Seyogianya antitesisnya adalah, seandainya Paman Sam tak punya geostrategi bagaimana mengatasi ketergantungan (tesis) minyak dimaksud maka maknanya bahwa AS telah terjajah oleh Timur Tengah. Namun bila AS punya geostrategi untuk mengantisipasi ketergerusan geopolitik tadi, keadaan pun bisa berbalik, ya bisa jadi karena kecanggihan geostrategi dan implementasinya, justru Timur Tengah yang mungkin malah “dijajah” oleh AS. Seperti yang kini berlangsung?

Jadi frase kolonisasi kini, sangat identik dan erat kaitan selain faktor ketergantungan, faktor geostrategi, juga soal sejauhmana geostrategi tersebut berjalan efektif dan optimal. Itu yang dimaksud dengan frase “ketergantungan tidak bermakna tunggal” di atas.

Contoh lain. Australia misalnya, bahwa negeri tersebut (Australia) memiliki ketergantungan yang akut terhadap Selat Lombok karena hampir 80% ekpor impornya melalui selat tadi. Artinya, secara geopolitik, Indonesia memiliki peluang menjajah Australia —kalau mau—karena faktor takdir geopolitik.
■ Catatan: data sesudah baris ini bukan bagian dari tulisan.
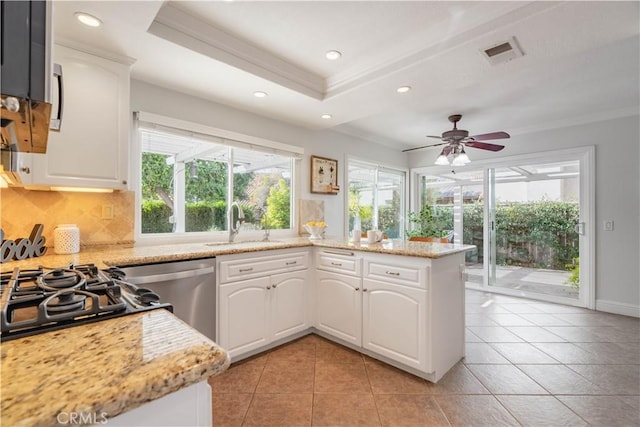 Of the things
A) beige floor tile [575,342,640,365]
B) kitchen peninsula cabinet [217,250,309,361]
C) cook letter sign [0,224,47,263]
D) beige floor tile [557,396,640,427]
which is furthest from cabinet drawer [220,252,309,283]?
beige floor tile [575,342,640,365]

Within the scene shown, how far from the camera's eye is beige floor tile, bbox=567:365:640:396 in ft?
6.47

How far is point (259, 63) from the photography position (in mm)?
2307

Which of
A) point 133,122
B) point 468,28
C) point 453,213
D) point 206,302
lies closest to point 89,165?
point 133,122

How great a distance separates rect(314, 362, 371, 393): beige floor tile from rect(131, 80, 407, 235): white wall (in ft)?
6.63

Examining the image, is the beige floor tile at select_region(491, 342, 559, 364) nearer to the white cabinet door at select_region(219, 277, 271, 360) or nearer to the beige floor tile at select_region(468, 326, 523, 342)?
the beige floor tile at select_region(468, 326, 523, 342)

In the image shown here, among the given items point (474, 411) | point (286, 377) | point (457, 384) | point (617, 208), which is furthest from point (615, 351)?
point (286, 377)

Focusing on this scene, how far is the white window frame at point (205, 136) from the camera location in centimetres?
243

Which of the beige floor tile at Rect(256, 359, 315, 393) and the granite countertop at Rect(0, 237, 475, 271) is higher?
the granite countertop at Rect(0, 237, 475, 271)

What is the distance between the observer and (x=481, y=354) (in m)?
2.49

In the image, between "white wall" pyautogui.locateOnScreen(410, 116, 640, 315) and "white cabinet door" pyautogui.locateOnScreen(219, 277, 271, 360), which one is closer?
"white cabinet door" pyautogui.locateOnScreen(219, 277, 271, 360)

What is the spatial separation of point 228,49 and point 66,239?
67.0 inches

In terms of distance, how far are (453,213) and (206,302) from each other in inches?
172

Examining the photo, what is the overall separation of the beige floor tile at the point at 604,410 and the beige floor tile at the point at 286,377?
5.41 ft

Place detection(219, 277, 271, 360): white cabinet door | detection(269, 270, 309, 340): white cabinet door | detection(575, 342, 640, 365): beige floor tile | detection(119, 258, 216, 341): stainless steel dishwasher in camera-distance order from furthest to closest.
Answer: detection(269, 270, 309, 340): white cabinet door → detection(575, 342, 640, 365): beige floor tile → detection(219, 277, 271, 360): white cabinet door → detection(119, 258, 216, 341): stainless steel dishwasher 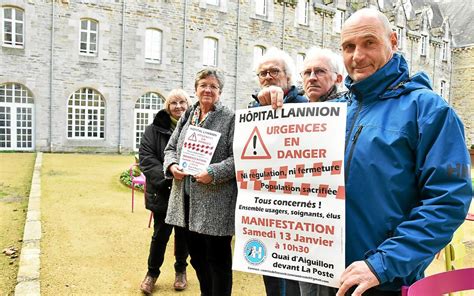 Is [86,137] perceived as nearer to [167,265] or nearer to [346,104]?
[167,265]

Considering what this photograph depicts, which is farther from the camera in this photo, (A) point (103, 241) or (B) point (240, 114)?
(A) point (103, 241)

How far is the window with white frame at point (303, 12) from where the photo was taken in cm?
2877

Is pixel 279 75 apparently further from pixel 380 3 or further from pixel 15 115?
pixel 380 3

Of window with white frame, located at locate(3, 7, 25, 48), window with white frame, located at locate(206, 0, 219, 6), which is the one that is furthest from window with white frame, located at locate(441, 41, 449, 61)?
window with white frame, located at locate(3, 7, 25, 48)

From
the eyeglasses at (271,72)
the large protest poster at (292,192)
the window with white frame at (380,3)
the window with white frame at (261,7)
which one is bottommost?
the large protest poster at (292,192)

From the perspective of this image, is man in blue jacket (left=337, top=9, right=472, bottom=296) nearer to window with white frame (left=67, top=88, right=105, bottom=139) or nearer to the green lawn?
the green lawn

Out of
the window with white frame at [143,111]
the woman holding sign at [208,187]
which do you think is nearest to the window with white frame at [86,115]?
the window with white frame at [143,111]

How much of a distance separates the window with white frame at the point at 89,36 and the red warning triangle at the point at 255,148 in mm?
21147

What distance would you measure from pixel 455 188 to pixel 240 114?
1.34 m

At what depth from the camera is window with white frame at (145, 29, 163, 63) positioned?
A: 23156mm

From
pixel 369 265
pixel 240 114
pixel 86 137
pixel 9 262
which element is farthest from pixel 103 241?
pixel 86 137

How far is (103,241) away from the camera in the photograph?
6.23 meters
Dan Selat Lombok bisa dijadikan “senjata”-nya. Strait weapon. Tetapi tatkala Australia memiliki geostrategi dan kemudian justru mampu mengendalikan Selat Lombok melalui berbagai instrumen (modus), maka yang terjadi bisa kebalikannya, justru Indonesialah yang kelak dapat dijajah oleh Australia karena tidak mampu memanfaatkan (sintesis) selat dimaksud secara optimal.

Dalam kolonisasi kini, kata kuncinya bukan soal penyerbuan militer, pendudukan wilayah, dst tetapi kolonisasi sekarang adalah masalah ketergantungan dan geostrategi. Artinya, jika suatu negara sudah tergantung kepada negara lain kemudian tanpa ada geostrategi atau tanpa ada (upaya strategis) sama sekali untuk mengantisipasi gap tersebut maka yang muncul ķemudian adalah sikap dominasi dan tindakan monopoli oleh suatu negara terhadap negara lain.
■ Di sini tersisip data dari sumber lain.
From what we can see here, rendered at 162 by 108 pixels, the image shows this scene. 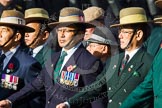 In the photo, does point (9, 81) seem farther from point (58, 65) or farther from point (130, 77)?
point (130, 77)

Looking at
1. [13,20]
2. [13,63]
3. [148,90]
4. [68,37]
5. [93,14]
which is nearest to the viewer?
[148,90]

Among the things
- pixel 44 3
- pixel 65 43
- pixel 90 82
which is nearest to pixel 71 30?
pixel 65 43

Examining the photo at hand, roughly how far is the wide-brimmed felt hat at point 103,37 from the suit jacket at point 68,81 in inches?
33.9

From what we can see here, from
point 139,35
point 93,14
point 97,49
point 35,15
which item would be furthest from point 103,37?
point 35,15

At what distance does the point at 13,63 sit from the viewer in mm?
8836

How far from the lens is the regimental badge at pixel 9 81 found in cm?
870

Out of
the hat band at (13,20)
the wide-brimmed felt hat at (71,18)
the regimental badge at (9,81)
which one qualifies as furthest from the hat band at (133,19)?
the regimental badge at (9,81)

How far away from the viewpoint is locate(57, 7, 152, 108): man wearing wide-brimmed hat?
8.05 m

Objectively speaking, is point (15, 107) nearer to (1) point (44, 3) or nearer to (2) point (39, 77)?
(2) point (39, 77)

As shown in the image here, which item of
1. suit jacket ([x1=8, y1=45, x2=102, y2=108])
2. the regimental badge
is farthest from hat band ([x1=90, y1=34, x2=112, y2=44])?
the regimental badge

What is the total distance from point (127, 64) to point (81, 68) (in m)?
0.53

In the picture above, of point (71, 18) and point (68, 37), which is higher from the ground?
point (71, 18)

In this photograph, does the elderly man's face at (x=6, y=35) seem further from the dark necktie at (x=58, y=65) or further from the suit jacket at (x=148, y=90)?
the suit jacket at (x=148, y=90)

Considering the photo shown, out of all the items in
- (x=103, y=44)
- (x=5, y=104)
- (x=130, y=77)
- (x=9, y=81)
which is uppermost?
(x=103, y=44)
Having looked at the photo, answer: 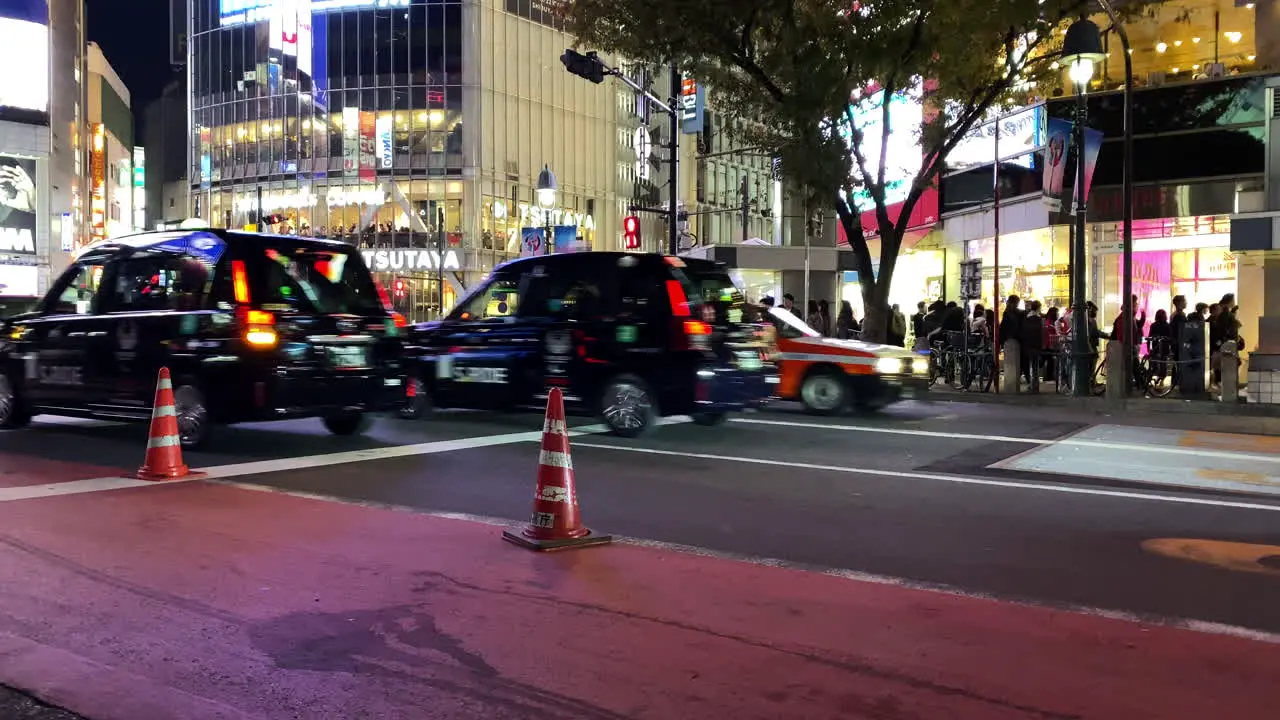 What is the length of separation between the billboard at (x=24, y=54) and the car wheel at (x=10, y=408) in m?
45.6

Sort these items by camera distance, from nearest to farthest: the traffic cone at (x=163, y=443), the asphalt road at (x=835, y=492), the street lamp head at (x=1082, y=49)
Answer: the asphalt road at (x=835, y=492)
the traffic cone at (x=163, y=443)
the street lamp head at (x=1082, y=49)

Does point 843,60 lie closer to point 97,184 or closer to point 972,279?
point 972,279

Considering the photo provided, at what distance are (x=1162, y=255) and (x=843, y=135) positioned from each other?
28.8 ft

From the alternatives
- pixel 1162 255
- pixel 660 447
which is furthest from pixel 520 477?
pixel 1162 255

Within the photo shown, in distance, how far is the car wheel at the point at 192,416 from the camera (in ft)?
32.1

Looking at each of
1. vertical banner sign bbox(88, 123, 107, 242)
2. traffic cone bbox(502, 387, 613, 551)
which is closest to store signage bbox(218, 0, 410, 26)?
vertical banner sign bbox(88, 123, 107, 242)

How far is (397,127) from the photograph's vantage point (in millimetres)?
55812

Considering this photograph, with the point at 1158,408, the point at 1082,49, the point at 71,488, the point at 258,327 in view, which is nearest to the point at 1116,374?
the point at 1158,408

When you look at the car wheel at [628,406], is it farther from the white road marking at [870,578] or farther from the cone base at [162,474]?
the cone base at [162,474]

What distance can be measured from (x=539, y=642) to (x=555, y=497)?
5.88 feet

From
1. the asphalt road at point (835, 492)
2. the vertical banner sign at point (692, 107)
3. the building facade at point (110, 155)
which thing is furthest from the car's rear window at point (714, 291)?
the building facade at point (110, 155)

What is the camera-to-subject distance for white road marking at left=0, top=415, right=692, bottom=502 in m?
8.05

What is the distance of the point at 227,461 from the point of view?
9594mm

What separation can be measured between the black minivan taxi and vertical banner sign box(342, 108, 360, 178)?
153 ft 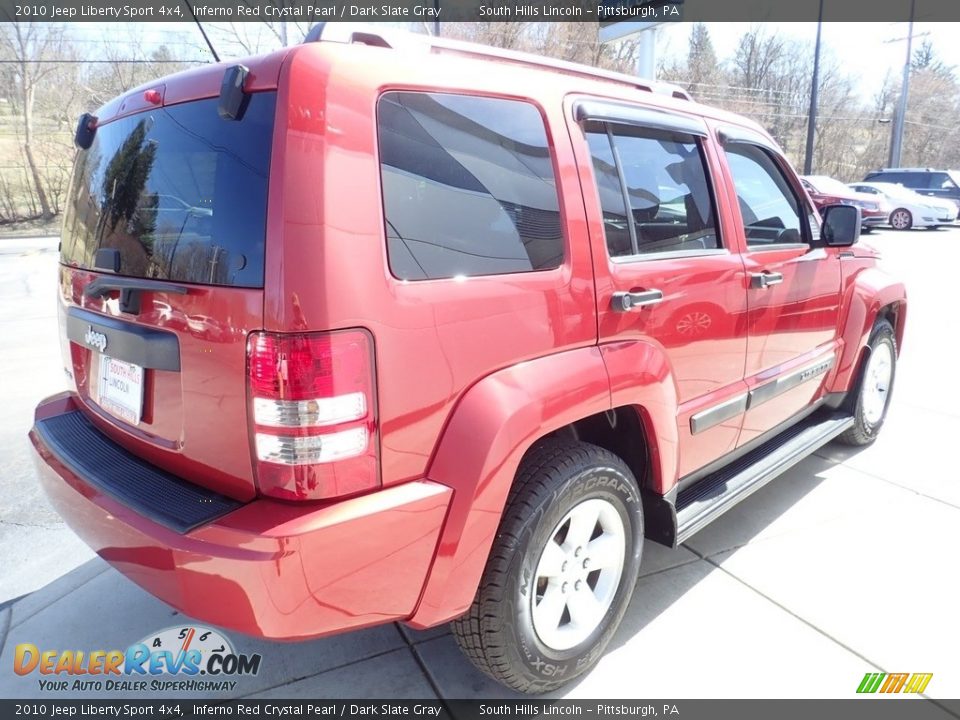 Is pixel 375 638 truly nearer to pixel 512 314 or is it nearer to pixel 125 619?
pixel 125 619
Sekali lagi, Indonesia contohnya, ketika korporasi-korporasi pangan sengaja melakukan impor saat petani panen raya. Maka niscaya kaum petani cenderung frustasi karena harga-harga jatuh akibat serbuan impor. Dan sebuah keniscayaan bila muncul sikap dan tindakan petani pada tahun depan mengurangi produksinya. Dengan demikian, maka produksi dari internal berkurang serta cenderung sedikit.
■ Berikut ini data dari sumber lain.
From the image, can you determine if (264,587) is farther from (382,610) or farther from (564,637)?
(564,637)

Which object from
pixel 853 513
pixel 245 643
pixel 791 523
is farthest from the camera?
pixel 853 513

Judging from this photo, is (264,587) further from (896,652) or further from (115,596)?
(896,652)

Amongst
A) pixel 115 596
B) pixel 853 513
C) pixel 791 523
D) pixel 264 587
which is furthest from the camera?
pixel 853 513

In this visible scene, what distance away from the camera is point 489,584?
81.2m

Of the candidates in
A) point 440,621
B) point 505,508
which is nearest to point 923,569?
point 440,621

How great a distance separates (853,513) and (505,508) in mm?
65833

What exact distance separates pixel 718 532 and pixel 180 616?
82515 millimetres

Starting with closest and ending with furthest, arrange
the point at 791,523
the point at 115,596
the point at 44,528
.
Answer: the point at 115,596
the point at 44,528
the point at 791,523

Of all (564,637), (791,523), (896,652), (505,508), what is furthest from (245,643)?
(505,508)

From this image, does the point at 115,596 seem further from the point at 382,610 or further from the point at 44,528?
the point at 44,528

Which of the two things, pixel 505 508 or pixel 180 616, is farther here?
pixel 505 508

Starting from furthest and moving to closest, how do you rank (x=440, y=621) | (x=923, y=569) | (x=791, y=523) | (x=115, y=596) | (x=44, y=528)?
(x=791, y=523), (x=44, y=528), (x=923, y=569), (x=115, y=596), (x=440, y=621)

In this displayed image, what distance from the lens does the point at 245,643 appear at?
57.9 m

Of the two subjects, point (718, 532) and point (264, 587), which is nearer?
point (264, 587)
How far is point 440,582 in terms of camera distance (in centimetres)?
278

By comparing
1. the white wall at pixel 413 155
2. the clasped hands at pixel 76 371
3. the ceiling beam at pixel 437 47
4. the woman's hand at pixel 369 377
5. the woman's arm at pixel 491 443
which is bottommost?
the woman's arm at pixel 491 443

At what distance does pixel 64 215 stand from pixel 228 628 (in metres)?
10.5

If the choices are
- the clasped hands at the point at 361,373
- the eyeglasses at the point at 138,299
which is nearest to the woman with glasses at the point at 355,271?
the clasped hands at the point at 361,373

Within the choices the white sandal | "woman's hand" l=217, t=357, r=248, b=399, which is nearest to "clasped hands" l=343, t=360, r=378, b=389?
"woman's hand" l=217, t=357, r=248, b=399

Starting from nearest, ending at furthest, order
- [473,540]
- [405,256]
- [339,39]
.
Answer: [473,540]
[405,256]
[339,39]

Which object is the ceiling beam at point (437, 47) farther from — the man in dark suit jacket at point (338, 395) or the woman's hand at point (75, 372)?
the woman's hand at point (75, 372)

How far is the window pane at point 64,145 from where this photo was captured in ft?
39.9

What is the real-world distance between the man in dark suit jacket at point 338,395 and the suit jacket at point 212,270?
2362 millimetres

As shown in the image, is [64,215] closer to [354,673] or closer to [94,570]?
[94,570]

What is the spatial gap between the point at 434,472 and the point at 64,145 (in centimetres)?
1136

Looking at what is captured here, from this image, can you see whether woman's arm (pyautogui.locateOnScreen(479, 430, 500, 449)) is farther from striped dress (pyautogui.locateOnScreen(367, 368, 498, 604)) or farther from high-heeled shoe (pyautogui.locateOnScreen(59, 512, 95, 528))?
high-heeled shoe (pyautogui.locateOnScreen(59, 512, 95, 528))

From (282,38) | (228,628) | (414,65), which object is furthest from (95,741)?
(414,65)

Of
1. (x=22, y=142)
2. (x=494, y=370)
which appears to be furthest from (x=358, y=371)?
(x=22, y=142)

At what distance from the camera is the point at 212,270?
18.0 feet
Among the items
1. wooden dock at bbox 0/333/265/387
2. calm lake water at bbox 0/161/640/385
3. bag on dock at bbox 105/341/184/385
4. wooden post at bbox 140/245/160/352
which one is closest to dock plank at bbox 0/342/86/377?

Nah, situasi seperti ini sesungguhnya adalah hasil cipta kondisi yang dilakukan oleh kartel atau korporasi-korporasi global di bidang pangan tersebut. Potret semacam ini yang kemudian menimbulkan apa yang disebut dengan istilah ketergantungan permanen. Dan selaras dengan judul tulisan ini, itu merupakan ujud nyata dari sebuah penjajahan gaya baru.

Terima kasih

  • Oleh: M Arief Pranoto, Direktur Program Studi Geopolitik dan Kawasan Global Future Institute (GFI)
  • Source: The Global Review

 

About admin

Check Also

Devide et Impera (Kembali) di Indonesia?

Hiruk-pikuk dan gempita sosial politik di negeri ini memang terlihat glamour lagi mewah, namun kalau ...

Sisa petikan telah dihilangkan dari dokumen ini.